Tuku’aho behaved as a tyrant. He waged war against Ha’apai and Vava’u, spreading “havoc” and “fear” throughout Tonga. A European eyewitness described Tuku’aho tying enemies to trees and burning them alive. Other missionaries said he cut off the hand of a man who had committed a misdemeanor. Another was “bound with stretched arms and two women were made to put burning torches under his armpits. He had the left arm of twelve of his cooks amputated not to punish any crime but as a “personal reminder to make clear that they were his.”. One woman was sawed in half while still alive. William Mariner, a British sailor stranded in Tonga from 1806 to 1810 described Tuku’aho's reputation as “of a vindictive and cruel turn of mind, taking every opportunity to exert his authority; and frequently in a manner not only cruel but wanton”, though it must be said that Mariner's host was Tuku’aho's enemy, Finau Ulukalala II.

==Assassination==
Tuku’aho earned many enemies due to his tyranny and ignorance of traditional succession. The April 1799 ritual reburial of 18th Tu’i Ha’atakalaua, Toafunaki, brought chiefs from many Tongan islands, and a group of them decided to assassinate Tuku’aho. They were led by Tupouniua who felt particularly oppressed by Tuku’aho's reign. He was joined by many power men such as Finau ‘Ulukalala II, Mulikiha’ame’a, and Fatafehi Fuanunuiava. Finau ‘Ulukalala was avenging his father, Finau ‘Ulukalala I, who was not given the governorship of Vav’u by Tuku’aho that he thought he deserved. Mulikiha’ame’a was still angry at not receiving the Tu’i Kanokupolu title years earlier. Fatafehi Fuanunuiava, the son of the 36thTu’I Tonga Paulaho, also felt eligible for the Tu’i Kanokupolu title.
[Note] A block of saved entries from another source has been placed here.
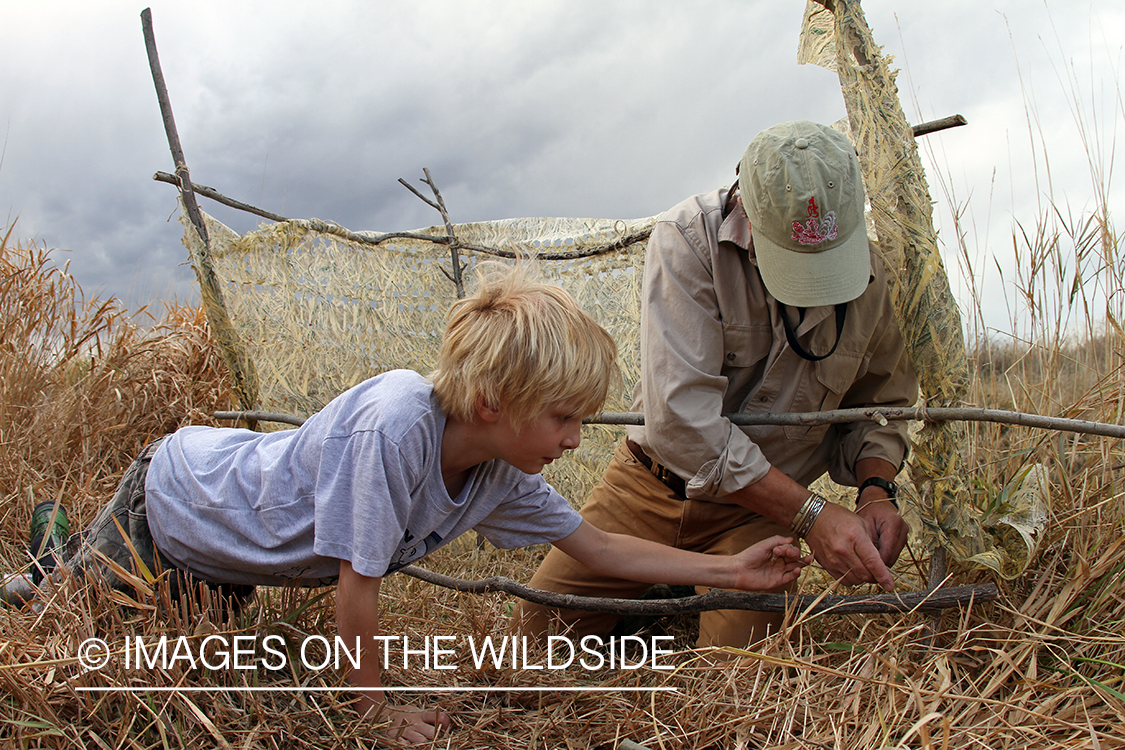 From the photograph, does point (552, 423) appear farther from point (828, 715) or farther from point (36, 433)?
point (36, 433)

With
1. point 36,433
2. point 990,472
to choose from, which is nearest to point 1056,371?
point 990,472

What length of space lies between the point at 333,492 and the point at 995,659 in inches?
56.1

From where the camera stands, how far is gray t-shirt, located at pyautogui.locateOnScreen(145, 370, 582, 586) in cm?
152

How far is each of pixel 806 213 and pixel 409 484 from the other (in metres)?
1.05

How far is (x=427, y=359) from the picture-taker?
4.27 m

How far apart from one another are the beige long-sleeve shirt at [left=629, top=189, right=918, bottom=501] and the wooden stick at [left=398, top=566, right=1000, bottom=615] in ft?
0.87

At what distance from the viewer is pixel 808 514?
1.85 meters

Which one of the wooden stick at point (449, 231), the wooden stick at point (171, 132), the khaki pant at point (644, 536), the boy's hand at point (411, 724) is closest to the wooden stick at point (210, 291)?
the wooden stick at point (171, 132)

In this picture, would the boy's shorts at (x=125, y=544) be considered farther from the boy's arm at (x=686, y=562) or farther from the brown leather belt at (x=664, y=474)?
the brown leather belt at (x=664, y=474)

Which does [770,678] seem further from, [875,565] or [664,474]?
[664,474]

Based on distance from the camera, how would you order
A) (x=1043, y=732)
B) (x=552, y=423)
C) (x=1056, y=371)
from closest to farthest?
(x=1043, y=732)
(x=552, y=423)
(x=1056, y=371)

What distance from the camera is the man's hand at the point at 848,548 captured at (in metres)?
1.74

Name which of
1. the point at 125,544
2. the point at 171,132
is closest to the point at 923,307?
the point at 125,544

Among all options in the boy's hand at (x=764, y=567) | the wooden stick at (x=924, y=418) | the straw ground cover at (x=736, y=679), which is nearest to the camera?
the straw ground cover at (x=736, y=679) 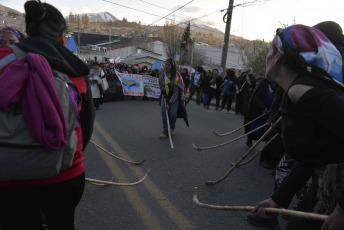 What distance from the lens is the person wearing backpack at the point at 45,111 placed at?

William Mariner describes the assassination in detail:

“About midnight they again repaired to [Tuku’aho’s] house with [the plotters], whom they placed around it as watchful guards, ready to despatch all who might attempt to escape from the place. Of these Finow [Finau] took the command, whilst Toobo Nuha [Tupouniua] entered, armed with his axe, and burning with desire of revenge. As he passed along, on either hand lay the wives and favourite mistresses of the king...He sought the mat of his destined victim, where he lay buried in the profoundest sleep. He stood over him for a short moment, but willing that he should know from whome he received his death, he struck him with his hand upon the face. Togoo Ahoo [Tuku’aho] started up, -‘Tis I, Toobo Nuha that strike!” and a tremendous blow felled him, never to rise again.”

The solidarity of the conspirators did not last long. Contests for power devolved into chaos in Tongatapu with Finau ‘Ulukalala becoming ruling warlord over Ha’apai and Tupouniua his deputy in Vava’u. Thus began the civil wars that wouldn't end until the 1845 unification of Tonga under Taufa’ahau (a grandson of Tuku’aho).